Di essa Maribruna vive la sua investitura per l’infinito.

Mi vesto di paillettes e di perline
mi velo di voiles e di chiffons,
mi lego il collo, le caviglie, i polsi,
con le fredde catene dei bijoux.
Mi ha messo anche un diadema sulla fronte
e un nastro di seta allo chignon,
un anello di ametista al dito
ed alle orecchie due pendents.
Adesso sono pronta per la festa
eccomi prostituta per la strada.
Sono di tua proprietà.
Tu sei il padrone.
Ed io la tua puttana.

Un'investitura solitaria e disperata che non trova conforto se non nell’abbandono di un mondo in cui neanche i gabbiani hanno più ali, il corvo perseguita il sonno, le rondini sono fulminate e le vene sono trapassate inutilmente da aghi, analisi e camici bianchi, il sole è talvolta vissuto come incanto “ubriaco” ma sempre più presenti insistono coni d’ombre, silenzi che neanche nella tela distendono più il colore; resta l’ urlo silenzioso: ”il grido muore / e mi gorgoglia in gola", e la mano che non si distende sulla tela “ha solo dita adunche / chiuse a pugno / rattrappite / in un’imprecazione”, e solennemente addita da lontano la morte come unica nostra proprietà ineludibile.

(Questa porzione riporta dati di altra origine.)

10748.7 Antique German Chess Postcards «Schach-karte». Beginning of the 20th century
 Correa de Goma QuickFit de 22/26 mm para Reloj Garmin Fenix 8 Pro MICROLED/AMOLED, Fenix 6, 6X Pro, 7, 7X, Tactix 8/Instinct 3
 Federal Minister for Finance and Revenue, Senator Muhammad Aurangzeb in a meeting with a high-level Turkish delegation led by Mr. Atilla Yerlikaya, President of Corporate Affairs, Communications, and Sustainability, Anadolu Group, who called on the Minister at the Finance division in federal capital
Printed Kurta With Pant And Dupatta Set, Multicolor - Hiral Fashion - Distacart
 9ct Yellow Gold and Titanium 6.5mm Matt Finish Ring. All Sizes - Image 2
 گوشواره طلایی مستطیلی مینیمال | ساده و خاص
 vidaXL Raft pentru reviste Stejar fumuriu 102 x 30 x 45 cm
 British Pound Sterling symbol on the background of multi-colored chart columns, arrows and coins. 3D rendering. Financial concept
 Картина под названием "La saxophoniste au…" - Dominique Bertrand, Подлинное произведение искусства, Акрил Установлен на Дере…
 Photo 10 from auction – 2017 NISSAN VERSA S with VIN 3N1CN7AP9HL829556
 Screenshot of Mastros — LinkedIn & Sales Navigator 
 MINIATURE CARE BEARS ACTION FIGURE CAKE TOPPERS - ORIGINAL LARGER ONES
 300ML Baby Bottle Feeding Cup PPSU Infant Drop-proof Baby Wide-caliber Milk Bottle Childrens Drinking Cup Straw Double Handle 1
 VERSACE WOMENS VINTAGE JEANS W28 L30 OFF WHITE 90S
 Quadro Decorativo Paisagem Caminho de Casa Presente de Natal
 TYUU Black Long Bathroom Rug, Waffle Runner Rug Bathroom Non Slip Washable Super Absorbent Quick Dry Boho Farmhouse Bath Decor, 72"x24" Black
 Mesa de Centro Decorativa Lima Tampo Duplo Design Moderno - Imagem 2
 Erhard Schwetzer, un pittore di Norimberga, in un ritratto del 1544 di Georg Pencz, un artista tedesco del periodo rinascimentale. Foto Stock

Ma la vestale non spegne il fuoco , non si spoglia della veglia, non smette di custodire, vive da cieco vate “tra tenaglie d’onde / ripiegate/ in lamine di fogli / di latta / in una lotta / liquida spirale / di cavalli / e creste”, e dona ceneri di vita. “E mentre il vento/ ti si aggrappa in grembo / prendi il mio cuore / e inchiodalo ad un palo / per una crocifissione di rinascita".